---- Records for the task

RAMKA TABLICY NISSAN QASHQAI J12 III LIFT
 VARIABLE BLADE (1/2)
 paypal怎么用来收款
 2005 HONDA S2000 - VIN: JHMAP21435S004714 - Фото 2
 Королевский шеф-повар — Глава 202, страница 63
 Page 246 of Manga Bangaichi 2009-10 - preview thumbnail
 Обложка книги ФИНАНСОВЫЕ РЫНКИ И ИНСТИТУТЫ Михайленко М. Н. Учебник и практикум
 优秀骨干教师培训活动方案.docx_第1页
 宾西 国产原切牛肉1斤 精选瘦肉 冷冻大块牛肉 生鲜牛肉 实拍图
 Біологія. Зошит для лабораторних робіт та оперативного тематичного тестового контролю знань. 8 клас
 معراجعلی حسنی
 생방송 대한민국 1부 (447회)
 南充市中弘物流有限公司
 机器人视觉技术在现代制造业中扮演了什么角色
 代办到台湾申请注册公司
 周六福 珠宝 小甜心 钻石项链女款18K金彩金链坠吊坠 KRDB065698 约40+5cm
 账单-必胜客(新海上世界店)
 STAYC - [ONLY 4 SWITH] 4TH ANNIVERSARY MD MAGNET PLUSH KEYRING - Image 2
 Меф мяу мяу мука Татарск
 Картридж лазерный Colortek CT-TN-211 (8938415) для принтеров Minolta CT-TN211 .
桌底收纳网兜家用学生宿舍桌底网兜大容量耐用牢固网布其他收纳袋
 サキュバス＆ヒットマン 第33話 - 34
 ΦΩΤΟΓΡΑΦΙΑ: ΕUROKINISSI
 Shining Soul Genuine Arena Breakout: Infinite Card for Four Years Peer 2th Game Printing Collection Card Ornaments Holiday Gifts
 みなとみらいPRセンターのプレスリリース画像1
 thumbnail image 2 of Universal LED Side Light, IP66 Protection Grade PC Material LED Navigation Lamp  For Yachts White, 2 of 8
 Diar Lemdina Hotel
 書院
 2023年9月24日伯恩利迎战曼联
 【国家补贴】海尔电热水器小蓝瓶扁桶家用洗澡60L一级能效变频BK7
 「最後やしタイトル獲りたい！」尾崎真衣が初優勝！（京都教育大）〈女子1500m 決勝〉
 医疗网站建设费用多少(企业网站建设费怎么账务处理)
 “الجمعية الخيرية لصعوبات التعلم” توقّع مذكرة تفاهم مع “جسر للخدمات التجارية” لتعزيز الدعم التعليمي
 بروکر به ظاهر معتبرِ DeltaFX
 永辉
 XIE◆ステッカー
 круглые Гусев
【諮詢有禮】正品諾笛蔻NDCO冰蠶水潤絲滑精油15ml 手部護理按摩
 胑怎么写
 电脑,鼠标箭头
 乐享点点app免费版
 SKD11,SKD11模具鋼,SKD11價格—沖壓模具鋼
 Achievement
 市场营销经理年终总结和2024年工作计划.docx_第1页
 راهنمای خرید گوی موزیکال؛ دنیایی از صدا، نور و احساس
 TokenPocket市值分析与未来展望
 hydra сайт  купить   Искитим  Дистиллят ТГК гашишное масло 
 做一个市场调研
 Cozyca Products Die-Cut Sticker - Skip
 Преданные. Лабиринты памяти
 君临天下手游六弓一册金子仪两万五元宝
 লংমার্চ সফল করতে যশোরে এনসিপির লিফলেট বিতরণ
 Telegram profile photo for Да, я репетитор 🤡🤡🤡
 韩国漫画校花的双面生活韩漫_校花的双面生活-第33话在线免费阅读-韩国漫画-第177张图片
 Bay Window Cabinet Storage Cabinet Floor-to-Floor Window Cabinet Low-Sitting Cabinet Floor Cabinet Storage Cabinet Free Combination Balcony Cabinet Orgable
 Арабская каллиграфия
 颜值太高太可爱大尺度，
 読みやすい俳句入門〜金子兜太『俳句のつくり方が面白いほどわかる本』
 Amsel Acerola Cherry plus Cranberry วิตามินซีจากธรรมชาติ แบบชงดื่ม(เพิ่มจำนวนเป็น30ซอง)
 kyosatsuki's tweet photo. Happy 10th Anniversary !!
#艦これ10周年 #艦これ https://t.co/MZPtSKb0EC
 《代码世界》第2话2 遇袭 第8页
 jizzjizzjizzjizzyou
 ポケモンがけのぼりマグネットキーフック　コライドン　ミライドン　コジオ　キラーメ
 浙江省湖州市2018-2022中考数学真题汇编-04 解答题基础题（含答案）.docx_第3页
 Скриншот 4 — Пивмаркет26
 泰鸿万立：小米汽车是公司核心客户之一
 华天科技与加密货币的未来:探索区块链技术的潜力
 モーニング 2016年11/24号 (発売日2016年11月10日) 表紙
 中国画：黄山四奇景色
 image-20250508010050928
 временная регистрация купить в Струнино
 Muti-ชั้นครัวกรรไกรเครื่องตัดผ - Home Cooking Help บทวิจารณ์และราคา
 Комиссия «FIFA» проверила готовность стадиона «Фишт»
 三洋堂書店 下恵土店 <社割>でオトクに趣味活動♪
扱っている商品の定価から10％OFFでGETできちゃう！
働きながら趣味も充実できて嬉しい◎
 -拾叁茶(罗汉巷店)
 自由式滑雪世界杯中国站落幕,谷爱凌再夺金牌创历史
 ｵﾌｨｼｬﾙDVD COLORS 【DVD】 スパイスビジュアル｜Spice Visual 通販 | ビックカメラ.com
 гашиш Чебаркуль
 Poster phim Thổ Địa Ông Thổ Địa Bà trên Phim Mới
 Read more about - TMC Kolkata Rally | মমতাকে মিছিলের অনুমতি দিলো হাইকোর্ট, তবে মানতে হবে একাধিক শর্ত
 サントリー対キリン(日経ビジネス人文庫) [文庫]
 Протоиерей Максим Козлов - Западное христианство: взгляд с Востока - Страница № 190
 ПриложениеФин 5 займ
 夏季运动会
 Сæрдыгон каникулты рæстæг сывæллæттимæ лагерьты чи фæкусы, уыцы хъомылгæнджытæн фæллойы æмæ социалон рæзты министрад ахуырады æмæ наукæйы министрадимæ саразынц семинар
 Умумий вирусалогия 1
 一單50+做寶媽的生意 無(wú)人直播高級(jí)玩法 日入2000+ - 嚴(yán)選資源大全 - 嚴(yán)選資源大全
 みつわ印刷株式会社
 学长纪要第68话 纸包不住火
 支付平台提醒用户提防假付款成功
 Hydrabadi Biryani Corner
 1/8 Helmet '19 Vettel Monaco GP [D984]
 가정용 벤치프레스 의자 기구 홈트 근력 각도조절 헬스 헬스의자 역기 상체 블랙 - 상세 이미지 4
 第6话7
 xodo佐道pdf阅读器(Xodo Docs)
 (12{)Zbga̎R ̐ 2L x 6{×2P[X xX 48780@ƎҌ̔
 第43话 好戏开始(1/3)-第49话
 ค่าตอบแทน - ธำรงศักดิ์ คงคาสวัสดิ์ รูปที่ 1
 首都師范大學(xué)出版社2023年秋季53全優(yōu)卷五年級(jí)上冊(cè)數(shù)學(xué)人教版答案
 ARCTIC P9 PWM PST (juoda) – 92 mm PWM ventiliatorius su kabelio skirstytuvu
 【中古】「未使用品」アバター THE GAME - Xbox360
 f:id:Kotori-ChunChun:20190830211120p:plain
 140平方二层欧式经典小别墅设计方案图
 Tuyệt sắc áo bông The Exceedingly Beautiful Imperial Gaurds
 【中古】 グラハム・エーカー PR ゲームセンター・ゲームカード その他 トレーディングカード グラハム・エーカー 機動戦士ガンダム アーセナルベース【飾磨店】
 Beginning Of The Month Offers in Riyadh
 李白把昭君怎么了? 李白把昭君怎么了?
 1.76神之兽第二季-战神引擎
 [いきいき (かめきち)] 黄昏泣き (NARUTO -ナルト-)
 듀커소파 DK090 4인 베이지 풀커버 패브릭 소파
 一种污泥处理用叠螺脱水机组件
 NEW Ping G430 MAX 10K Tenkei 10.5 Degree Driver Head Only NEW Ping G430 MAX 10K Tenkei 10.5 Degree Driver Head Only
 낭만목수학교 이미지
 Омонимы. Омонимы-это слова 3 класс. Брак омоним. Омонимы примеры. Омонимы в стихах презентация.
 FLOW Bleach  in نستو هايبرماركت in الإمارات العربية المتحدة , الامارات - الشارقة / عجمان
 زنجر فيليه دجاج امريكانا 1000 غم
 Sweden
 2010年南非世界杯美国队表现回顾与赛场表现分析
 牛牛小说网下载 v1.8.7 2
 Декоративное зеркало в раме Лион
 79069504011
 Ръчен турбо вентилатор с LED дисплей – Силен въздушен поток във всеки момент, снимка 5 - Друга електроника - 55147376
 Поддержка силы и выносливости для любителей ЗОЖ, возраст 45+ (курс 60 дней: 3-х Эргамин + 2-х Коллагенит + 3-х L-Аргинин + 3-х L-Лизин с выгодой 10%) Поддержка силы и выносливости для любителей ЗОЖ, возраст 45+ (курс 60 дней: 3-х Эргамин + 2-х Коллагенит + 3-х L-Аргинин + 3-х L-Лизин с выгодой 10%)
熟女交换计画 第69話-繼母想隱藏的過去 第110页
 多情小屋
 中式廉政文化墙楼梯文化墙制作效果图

--------

**Task statement**
Proceeding from the line containing "thumbnail image 2" through the line containing "君临天下手游六弓一册金子仪两万五元宝", transcribe the lines above exactly, both end lines included.

**Solved exercise**
 thumbnail image 2 of Universal LED Side Light, IP66 Protection Grade PC Material LED Navigation Lamp  For Yachts White, 2 of 8
 Diar Lemdina Hotel
 書院
 2023年9月24日伯恩利迎战曼联
 【国家补贴】海尔电热水器小蓝瓶扁桶家用洗澡60L一级能效变频BK7
 「最後やしタイトル獲りたい！」尾崎真衣が初優勝！（京都教育大）〈女子1500m 決勝〉
 医疗网站建设费用多少(企业网站建设费怎么账务处理)
 “الجمعية الخيرية لصعوبات التعلم” توقّع مذكرة تفاهم مع “جسر للخدمات التجارية” لتعزيز الدعم التعليمي
 بروکر به ظاهر معتبرِ DeltaFX
 永辉
 XIE◆ステッカー
 круглые Гусев
【諮詢有禮】正品諾笛蔻NDCO冰蠶水潤絲滑精油15ml 手部護理按摩
 胑怎么写
 电脑,鼠标箭头
 乐享点点app免费版
 SKD11,SKD11模具鋼,SKD11價格—沖壓模具鋼
 Achievement
 市场营销经理年终总结和2024年工作计划.docx_第1页
 راهنمای خرید گوی موزیکال؛ دنیایی از صدا، نور و احساس
 TokenPocket市值分析与未来展望
 hydra сайт  купить   Искитим  Дистиллят ТГК гашишное масло 
 做一个市场调研
 Cozyca Products Die-Cut Sticker - Skip
 Преданные. Лабиринты памяти
 君临天下手游六弓一册金子仪两万五元宝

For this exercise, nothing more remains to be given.